I truly believed then that to be an artist, you had to connect with an audience. We debated whether art was meaningful without the sort of activation that comes through discourse and sharing. Artists give form to abstract and complex ideas, but it’s only in dialogue that it transcends from personal expression to a shared experience. It also helps instill confidence in young artists as they learn how to accept critical feedback and enter into a participatory culture of exchange. Art is communication. Art is human connection.
And so I encouraged her to open an Instagram art account and helped her enter competitions. This little nudge took her far: student gallery shows around NYC, a handful of sales, a published piece in The New York Times, and even a juried student exhibition at the Metropolitan Museum of Art. Not bad for a 16 year old kid. But it was only when she saw how her artwork stirred such intense reactions that she began to grasp the power she could wield with charcoal and paper.
Now as a college student, she has turned private with her artwork again. She has not, however, stopped creating. She may even be more prolific than ever. Her sketchbooks are filled with drawings not shared with anyone, not even with me. She paints in her dorm room as a way to decompress from her STEM-heavy classes, but has no intention of showing it anywhere, online or otherwise.
As with so many other lessons that I’m learning through my adult children, I’ve now reexamined what I previously believed: that to be an artist, you must share it with an audience.
This leads to two questions I’m revisiting:
Who do we create for?
Why do we feel the need to build an audience?
Oh, I’m an artist.
Do you have an Instagram where I can see your art?
This is a close cousin to:
I’m a writer.
Where are you published?
For creatives of any discipline, an online presence is almost assumed, though it can carry a price.
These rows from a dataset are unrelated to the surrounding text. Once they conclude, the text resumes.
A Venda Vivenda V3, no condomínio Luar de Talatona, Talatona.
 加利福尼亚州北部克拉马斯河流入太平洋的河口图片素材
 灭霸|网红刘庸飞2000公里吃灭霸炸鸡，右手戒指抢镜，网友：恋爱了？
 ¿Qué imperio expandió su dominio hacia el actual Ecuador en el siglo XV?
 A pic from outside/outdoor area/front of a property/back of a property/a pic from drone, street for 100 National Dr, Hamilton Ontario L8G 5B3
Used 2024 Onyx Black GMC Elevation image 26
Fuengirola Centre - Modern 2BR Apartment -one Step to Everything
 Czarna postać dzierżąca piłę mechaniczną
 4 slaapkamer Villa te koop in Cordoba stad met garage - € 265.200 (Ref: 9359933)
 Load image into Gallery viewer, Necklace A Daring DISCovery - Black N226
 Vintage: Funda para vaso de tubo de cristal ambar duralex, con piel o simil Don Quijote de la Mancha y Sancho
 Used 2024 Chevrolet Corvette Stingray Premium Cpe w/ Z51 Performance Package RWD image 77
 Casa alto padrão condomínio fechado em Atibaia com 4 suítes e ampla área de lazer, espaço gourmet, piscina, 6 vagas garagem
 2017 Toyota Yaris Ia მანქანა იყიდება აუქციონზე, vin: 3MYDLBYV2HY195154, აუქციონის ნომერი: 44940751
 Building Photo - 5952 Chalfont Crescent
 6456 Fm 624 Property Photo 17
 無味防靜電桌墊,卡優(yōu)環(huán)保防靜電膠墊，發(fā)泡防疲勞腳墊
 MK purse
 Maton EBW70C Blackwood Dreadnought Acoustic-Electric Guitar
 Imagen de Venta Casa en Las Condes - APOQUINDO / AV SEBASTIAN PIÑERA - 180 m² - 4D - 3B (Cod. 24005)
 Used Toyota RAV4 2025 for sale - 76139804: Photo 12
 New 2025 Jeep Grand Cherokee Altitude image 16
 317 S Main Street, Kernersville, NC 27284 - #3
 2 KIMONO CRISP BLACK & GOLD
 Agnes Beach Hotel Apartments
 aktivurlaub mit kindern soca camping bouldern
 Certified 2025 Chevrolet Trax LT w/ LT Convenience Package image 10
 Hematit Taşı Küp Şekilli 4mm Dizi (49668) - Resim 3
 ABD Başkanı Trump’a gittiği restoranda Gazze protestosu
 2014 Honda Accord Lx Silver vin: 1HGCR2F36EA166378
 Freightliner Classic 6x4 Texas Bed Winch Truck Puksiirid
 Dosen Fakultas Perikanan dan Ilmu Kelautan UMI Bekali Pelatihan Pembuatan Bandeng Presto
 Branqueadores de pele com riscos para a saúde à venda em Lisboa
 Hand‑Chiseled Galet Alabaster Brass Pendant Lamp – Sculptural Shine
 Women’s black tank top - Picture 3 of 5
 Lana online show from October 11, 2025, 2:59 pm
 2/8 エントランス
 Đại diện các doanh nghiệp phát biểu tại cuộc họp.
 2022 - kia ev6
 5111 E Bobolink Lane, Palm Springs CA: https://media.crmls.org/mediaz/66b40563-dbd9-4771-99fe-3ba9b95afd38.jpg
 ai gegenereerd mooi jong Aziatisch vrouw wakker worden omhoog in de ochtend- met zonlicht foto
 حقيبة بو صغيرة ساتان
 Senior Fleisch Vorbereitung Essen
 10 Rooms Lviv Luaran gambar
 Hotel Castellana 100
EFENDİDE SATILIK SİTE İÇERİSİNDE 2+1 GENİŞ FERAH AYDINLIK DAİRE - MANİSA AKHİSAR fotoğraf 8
The way the system of metrics has trapped us into correlating likes and follows to our sense of self-worth is discussed ad nauseam, but for artists, it doesn’t stop there. It distorts how we perceive the artistic value of our work. Yes, even these Substack newsletters.
The positives shouldn’t be overlooked. Part of why I became disillusioned as an art student was because I finally understood how elitism and nepotism ran deep through the establishment, so I do appreciate how the internet has eroded gatekeeping and opened a door to the democratization of art forms. Building an audience also fosters community and gives us legitimacy by being seen.
The social media feedback loop, however, capitalizes on this legitimization by manipulating it into a cycle of constant sharing and metric chasing. When our work doesn’t get likes or views, we question why. When it does gain traction, we start to get curious about converting these likes and views into sales. Art becomes content. Art becomes commerce.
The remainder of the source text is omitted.